Is that really radical? Common sense tells us that our minds make a difference. We decide to snap our fingers, and it happens. But for many scientists, saying that mind can affect matter smacks of parapsychology. They would say that our neural circuits caused us to snap our fingers, and our mind merely observed the decision.

At best, some who hold this view are willing to accept the mind as an epiphenomenon, a byproduct of the brain, or as William James put it, like a shadow which accompanies the body but has no influence over it. For some reason, the notion that matter affects mind doesn't seem as pseudoscientific as its opposite. An example of this orthodoxy can be found in Wider Than The Sky: The Phenomenal Gift Of Consciousness, by brain scientist Gerald Edelman, a winner of the Nobel Prize.
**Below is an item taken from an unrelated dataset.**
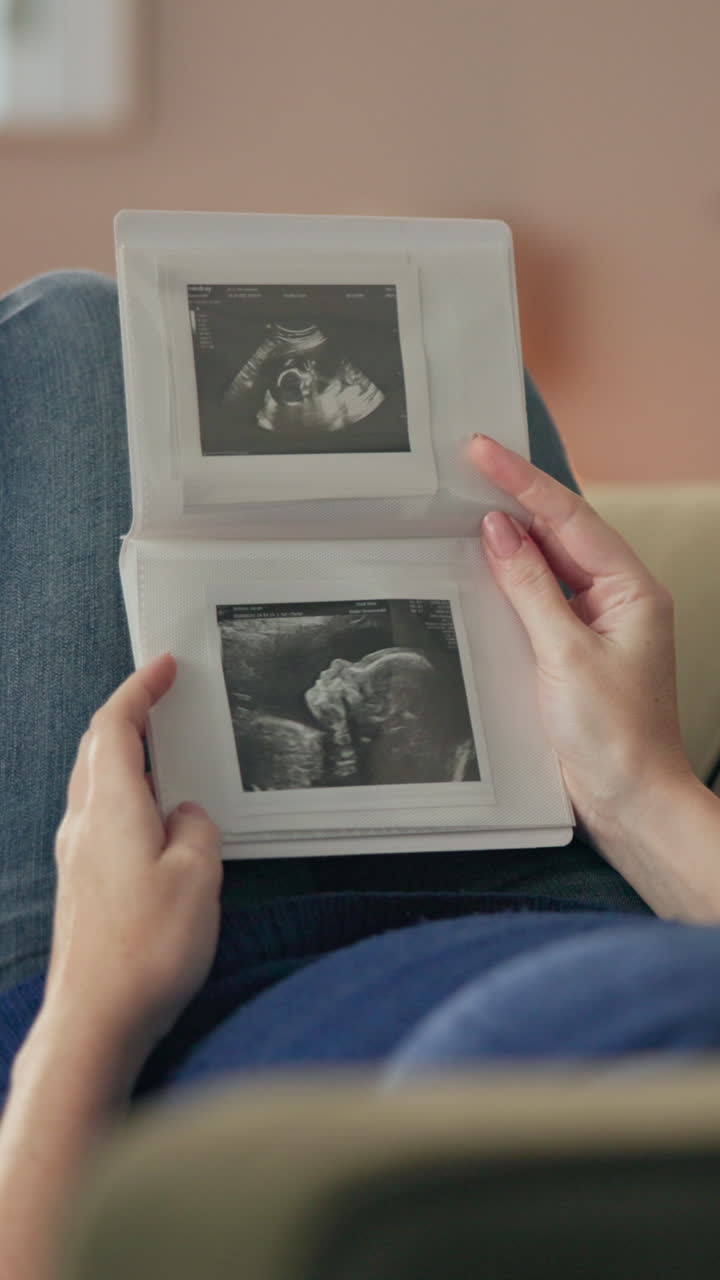 Una donna incinta guarda un'ecografia del suo bambino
Schwartz, a UCLA psychiatrist, who wrote the book along with Wall Street Journal science writer Sharon Begley, argues that influence can go in the direction of mind to brain. His professional expertise is in treating obsessive-compulsive disorder(OCD). He has pioneered a therapy for OCD patients which teaches them to reframe their thoughts. Schwartz discusses the concept of neuroplasticity, the ability of the brain to rewire itself as a result of thinking. He presents evidence of PET scans which demonstrate changes in brain function following cognitive behavior therapy, a form of talk therapy that does not involve drugs.

Schwartz does not provide iron-clad proof of the mind's ability to rewire the brain, but makes a good preliminary case. A hardcore materialist would argue that talk therapy itself is a purely material phenomenon, whereby the human voice produces sound waves which excite the auditory cortex of the listener, which arouses neural circuits throughout the brain. But this reductionist view doesn't adequately explain why conscious attention seems to help these changes occur, while subliminal suggestions seem to have much less power.
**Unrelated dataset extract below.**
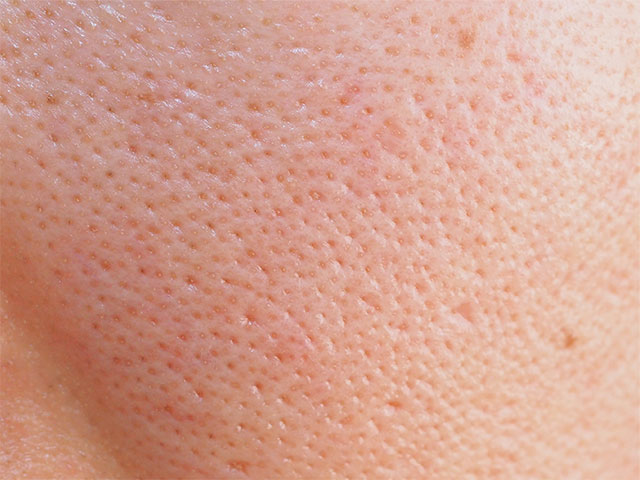 開き毛穴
Schwartz also discusses the experiments of Benjamin Libet, who has shown that before people notice having decided to make a voluntary movement, preparation for the movement can be observed in the brain, though the actual movement occurs after the feeling of having decided. Some scientists, like Richard Restak, have used these results to argue that free will is an illusion, and that the feeling of having decided follows a decision made in the neurons. However, Libet himself believes that there is time in the sequence for the conscious mind to veto the otherwise automatic movement. Instead of free will, there is free won't. Our unconscious presents an agenda, and brings it to the attention of consciousness. The chief role of the mind is to inhibit wrong action.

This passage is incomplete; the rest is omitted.